Cooking and meal preparation can be a busy and messy time for parents and heads of households. It may seem daunting to let a little one in the kitchen to assist as a sous chef. She may need to be reminded to stop eating the extra ingredients or to not lick any utensils or touch dirty surfaces while handling food.
That said, cooking with kids can give them self-assurance and a feeling of independence that they unknowingly crave. This confidence can be greatly increased by introducing the safe use of knives while preparing and cooking meals.
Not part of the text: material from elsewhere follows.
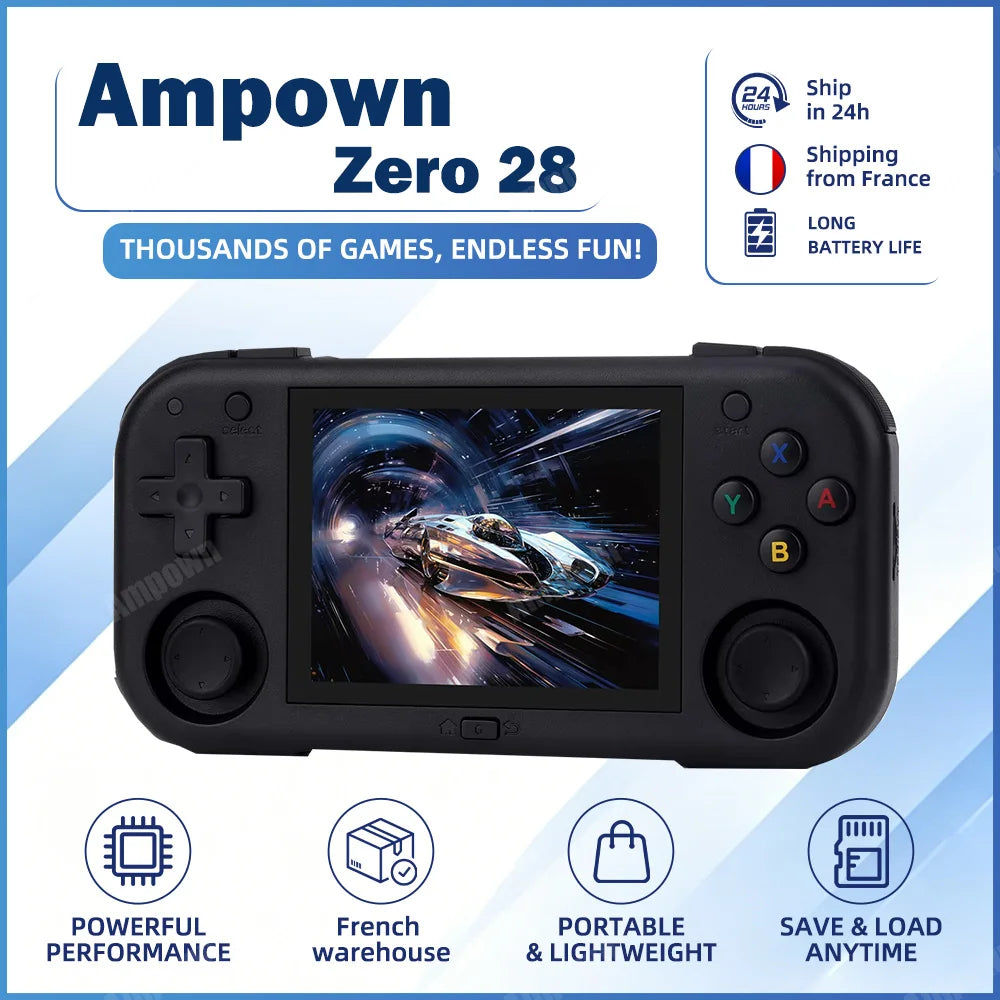 Ampown Mini Zero 28 Consola de Juegos Retro de Bolsillo, Pantalla IPS OCA de 2.8", Consola Portátil Android, 2900mAh, 64GB, ERO28, Regalo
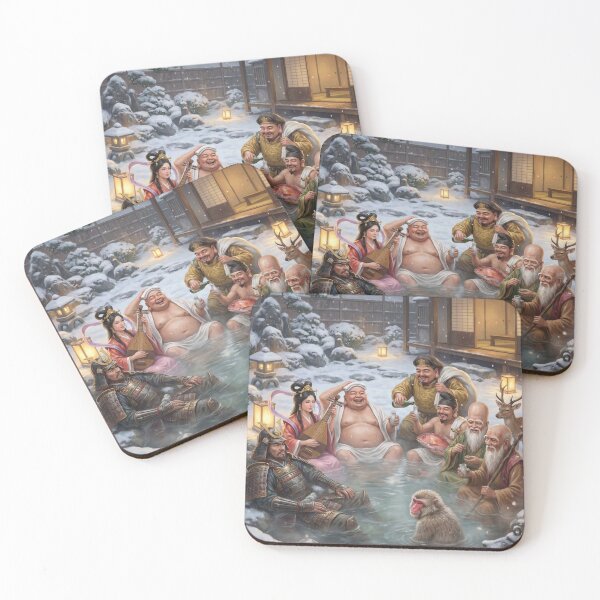 Item preview, Snowy Onsen Night — Seven Lucky Gods & Samurai | Mori no Akari Series designed and sold by Mori-no-Akari.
The benefits of allowing children to cut with a knife
Kids love to play with scissors under the watchful eye of an adult. The same can be said for utilizing a knife to cut up a variety of food items. It can make for a happy bonding session while getting dinner ready for the evening or a snack made in the afternoon.
Letting kids cut certain types of food with a knife could also help them foster independence, according to an NPR article, by Sujata Gupta, titled “Go Ahead, Give Your Toddler A Kitchen Knife.” The segment highlighted Montessori education and how some schools let little ones spread relishes with a knife and work towards the of goal of cutting up their own fruits and vegetables.
“As part of the practical skills curriculum at Montessori schools, children as young as 18 months old are given a butter or jam knife for spreading condiments. Then they move on to chopping soft fruits like bananas. Eventually the child graduates to a serrated knife. (Super sharp chef knives are not part of the program),” explained Gupta in her article.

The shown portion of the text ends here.